We have two artefacts that evolve on different cadences and serve different audiences:

  1. The model (trained weights + training code) — the research artefact. Published as ebrm. Cite-able, fixed once trained, versioned by checkpoint.
  2. The system — the production pipeline that wraps any base reasoner with intent routing, adaptive compute, verifiers, and voting. Published as ebrm-system. Ships on a fast cadence, should be installable via pip, should run with or without the v2 model.

Keeping them in one repository forced tight coupling: breaking changes in the pipeline churned the paper repo; retraining pinned the pipeline version. Splitting them lets each evolve independently and keeps the model repo citable.

Decision

Two repositories, one pipeline architecture.

  • ebrm — model, training loop, paper reference, Hugging Face release.
  • ebrm-system (this repo) — installable pipeline with the following six layers, each behind a typing.Protocol:

  • Intent / difficulty classifier → emits IntentPrediction with suggested Langevin steps, restarts, and trace count.
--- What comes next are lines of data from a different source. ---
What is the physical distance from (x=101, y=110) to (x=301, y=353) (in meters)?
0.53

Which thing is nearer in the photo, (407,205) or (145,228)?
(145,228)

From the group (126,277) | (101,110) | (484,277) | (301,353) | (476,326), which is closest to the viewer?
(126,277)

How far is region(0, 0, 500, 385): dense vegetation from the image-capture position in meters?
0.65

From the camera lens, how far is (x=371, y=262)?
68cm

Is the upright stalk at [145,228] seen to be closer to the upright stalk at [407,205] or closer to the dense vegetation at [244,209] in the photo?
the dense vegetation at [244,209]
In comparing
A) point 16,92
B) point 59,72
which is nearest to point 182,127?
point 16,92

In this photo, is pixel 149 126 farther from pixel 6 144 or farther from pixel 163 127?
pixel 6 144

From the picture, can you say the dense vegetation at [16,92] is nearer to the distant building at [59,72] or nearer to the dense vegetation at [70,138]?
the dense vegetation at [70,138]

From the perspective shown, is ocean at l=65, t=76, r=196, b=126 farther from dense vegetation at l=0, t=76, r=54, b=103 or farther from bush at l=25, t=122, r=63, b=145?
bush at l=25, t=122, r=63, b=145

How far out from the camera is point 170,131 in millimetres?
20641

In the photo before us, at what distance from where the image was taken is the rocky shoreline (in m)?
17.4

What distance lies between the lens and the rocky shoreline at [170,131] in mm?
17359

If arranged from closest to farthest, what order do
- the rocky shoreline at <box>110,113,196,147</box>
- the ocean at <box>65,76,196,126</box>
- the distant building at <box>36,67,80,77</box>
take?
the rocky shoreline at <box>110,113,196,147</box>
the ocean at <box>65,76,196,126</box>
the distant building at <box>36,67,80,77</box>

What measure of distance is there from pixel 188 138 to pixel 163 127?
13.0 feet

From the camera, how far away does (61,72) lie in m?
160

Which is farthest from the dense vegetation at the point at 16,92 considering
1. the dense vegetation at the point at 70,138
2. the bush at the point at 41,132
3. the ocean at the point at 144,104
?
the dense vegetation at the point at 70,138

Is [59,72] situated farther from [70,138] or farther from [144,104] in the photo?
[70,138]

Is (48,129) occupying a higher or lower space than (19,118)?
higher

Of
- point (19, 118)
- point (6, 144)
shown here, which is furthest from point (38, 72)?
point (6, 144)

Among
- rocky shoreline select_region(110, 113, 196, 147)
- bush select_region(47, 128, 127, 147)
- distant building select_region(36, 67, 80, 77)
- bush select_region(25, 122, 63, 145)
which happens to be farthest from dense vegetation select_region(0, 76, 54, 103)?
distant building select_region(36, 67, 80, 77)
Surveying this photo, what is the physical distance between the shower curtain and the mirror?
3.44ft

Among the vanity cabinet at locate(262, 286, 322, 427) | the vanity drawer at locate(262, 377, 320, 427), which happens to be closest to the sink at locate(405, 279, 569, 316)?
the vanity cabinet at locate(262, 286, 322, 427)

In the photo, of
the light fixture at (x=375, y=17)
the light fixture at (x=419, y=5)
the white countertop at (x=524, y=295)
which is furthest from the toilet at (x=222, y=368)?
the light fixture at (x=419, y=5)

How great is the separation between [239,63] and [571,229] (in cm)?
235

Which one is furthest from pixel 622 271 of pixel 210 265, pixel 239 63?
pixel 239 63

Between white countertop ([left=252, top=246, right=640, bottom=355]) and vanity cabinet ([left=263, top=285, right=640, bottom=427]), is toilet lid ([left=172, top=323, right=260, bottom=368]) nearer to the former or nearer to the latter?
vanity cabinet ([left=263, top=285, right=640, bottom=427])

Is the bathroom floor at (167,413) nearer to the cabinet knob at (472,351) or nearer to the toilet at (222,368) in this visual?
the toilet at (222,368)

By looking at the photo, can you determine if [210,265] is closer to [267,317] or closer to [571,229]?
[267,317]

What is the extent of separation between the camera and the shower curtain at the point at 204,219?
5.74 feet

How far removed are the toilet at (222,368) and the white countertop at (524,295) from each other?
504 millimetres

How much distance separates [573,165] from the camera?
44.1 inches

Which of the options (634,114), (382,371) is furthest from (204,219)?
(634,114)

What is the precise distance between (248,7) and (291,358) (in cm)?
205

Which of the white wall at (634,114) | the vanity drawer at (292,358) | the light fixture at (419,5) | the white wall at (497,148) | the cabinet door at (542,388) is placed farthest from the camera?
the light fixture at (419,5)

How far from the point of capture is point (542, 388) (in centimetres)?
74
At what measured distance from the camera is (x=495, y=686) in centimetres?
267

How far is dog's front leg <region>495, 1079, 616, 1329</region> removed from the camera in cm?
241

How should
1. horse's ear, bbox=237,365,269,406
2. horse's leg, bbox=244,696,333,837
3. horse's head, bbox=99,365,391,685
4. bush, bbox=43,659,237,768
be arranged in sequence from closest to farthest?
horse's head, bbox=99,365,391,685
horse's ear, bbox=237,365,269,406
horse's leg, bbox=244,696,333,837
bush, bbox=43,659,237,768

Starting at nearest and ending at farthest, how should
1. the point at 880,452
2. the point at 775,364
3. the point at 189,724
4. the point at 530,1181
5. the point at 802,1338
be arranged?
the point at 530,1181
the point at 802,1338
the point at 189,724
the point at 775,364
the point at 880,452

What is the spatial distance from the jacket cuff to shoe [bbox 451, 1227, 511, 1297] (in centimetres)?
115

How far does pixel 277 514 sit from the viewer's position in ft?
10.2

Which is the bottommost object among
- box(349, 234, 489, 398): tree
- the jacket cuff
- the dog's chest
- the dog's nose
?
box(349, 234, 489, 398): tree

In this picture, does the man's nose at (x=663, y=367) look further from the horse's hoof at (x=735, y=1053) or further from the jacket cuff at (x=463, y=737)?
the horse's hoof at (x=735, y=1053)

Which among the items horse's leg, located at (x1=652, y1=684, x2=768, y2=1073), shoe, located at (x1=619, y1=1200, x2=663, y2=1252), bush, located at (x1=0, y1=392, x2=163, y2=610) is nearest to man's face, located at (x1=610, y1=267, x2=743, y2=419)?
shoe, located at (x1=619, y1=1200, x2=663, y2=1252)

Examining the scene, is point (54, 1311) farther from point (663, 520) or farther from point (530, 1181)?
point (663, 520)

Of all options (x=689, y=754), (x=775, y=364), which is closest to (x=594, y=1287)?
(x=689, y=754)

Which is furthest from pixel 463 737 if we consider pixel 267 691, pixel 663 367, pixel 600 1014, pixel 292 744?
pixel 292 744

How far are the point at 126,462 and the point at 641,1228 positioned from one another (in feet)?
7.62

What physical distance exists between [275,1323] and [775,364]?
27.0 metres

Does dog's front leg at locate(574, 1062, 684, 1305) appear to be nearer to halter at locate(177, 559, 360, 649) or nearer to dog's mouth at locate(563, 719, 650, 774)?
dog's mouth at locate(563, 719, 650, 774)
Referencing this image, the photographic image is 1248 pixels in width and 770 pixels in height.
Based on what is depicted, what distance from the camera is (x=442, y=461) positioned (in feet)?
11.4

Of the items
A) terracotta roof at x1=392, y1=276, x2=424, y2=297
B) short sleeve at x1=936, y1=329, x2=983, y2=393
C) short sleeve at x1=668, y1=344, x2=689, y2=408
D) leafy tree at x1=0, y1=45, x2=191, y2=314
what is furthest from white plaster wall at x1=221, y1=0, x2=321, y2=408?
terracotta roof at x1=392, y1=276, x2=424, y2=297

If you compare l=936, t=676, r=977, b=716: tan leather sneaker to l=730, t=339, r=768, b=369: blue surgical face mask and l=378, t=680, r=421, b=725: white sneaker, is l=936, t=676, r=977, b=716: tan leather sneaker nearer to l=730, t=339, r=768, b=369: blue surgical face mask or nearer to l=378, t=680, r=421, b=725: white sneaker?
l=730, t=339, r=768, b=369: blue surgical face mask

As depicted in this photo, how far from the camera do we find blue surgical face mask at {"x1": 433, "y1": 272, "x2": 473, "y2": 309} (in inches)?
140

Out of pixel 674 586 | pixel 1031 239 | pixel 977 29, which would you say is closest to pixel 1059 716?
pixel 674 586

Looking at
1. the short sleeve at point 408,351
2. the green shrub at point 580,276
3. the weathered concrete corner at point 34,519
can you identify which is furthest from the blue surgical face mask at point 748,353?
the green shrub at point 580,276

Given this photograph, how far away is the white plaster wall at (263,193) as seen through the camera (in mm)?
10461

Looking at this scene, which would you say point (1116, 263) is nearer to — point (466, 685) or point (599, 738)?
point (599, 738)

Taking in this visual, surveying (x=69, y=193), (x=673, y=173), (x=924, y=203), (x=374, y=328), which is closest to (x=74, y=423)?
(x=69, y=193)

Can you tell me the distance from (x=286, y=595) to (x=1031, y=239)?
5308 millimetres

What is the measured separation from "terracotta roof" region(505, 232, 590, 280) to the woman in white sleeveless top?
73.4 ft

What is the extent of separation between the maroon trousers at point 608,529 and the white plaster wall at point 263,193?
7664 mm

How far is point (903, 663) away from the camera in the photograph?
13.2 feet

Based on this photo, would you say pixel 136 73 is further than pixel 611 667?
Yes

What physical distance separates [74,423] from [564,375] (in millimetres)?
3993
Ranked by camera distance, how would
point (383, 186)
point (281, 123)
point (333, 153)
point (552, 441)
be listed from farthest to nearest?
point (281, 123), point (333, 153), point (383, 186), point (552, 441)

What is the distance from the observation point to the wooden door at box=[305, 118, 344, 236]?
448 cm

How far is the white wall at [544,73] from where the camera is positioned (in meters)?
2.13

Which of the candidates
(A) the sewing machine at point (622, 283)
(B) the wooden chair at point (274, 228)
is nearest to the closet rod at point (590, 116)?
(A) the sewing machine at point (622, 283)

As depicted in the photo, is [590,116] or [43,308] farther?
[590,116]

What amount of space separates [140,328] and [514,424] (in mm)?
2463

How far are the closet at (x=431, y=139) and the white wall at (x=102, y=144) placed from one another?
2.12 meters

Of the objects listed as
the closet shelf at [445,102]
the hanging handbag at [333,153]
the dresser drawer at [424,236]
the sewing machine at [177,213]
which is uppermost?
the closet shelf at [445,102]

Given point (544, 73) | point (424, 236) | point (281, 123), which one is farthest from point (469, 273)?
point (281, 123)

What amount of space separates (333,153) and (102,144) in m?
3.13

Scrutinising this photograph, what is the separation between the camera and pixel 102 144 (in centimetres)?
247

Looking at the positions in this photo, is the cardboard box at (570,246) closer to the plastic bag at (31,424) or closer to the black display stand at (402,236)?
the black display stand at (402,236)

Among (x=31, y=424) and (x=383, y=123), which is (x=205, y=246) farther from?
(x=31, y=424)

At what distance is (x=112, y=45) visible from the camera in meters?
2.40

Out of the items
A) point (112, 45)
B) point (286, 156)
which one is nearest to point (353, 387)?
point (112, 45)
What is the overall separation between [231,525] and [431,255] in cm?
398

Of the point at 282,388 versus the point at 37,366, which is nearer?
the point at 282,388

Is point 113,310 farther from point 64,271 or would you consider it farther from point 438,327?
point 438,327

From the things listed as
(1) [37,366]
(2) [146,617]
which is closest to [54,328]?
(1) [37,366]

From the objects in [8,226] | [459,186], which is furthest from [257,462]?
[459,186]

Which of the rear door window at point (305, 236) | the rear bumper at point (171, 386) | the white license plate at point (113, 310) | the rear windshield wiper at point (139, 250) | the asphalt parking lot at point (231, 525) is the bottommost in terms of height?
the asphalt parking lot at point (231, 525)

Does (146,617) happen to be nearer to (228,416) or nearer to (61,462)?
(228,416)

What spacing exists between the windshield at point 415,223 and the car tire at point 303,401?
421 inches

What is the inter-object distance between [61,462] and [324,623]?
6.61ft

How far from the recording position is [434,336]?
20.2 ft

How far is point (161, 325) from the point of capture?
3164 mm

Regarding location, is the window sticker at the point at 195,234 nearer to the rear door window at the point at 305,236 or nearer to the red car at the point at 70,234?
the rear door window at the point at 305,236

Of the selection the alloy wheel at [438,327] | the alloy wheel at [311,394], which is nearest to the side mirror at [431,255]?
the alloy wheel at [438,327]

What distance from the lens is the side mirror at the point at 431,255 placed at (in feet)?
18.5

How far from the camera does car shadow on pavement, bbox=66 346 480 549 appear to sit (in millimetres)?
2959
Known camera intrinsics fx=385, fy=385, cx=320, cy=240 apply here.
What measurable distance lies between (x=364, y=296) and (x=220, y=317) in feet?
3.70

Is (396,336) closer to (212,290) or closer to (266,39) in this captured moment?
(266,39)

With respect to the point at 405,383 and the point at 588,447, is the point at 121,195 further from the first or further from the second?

  • Hierarchical latent reasoner → inner latent-thought loop (Coconut-inspired). Swappable with any nn.Module.
  • Adaptive Langevin → test-time compute scaled by difficulty; K parallel traces.
  • Process reward model → stepwise energy → per-trace confidence.
  • External verifier bridgeSymPyVerifier, ExecVerifier (sandboxed subprocess), RegexVerifier, composed via VerifierChain that short-circuits on rejection.
  • Self-consistency voterSelfConsistencyVoter with uniform | confidence | inverse_energy weighting and exact / numeric bucketing.

The pipeline is CPU-testable end-to-end without the model — every layer has a deterministic rule-based / algorithmic implementation so tests don't require GPUs.

Consequences

Positive - Fast CI (no GPU / no model download for 95 % of tests). - Clean citation: paper → model repo; deployment → system repo. - Pipeline can wrap third-party reasoners (Qwen, Llama, DeepSeek) with the same verifier + voting layers. - Each Protocol is independently swappable.

Negative - Two repos to maintain; cross-repo docs must be kept in sync. - The v2 model release must pin a compatible ebrm-system minor version.

Mitigations - Documentation tables show which ebrm-system versions match which ebrm checkpoints. - Pipeline exports a Reasoner Protocol so model implementations can be version-gated at import time.

Alternatives considered

  • Monorepo. Rejected: churn, heavier CI, weaker citability.
  • Ship pipeline as part of model package. Rejected: forces GPU install for users who only want verifiers / voting.
  • No pipeline, only a notebook. Rejected: users cannot pip install a notebook.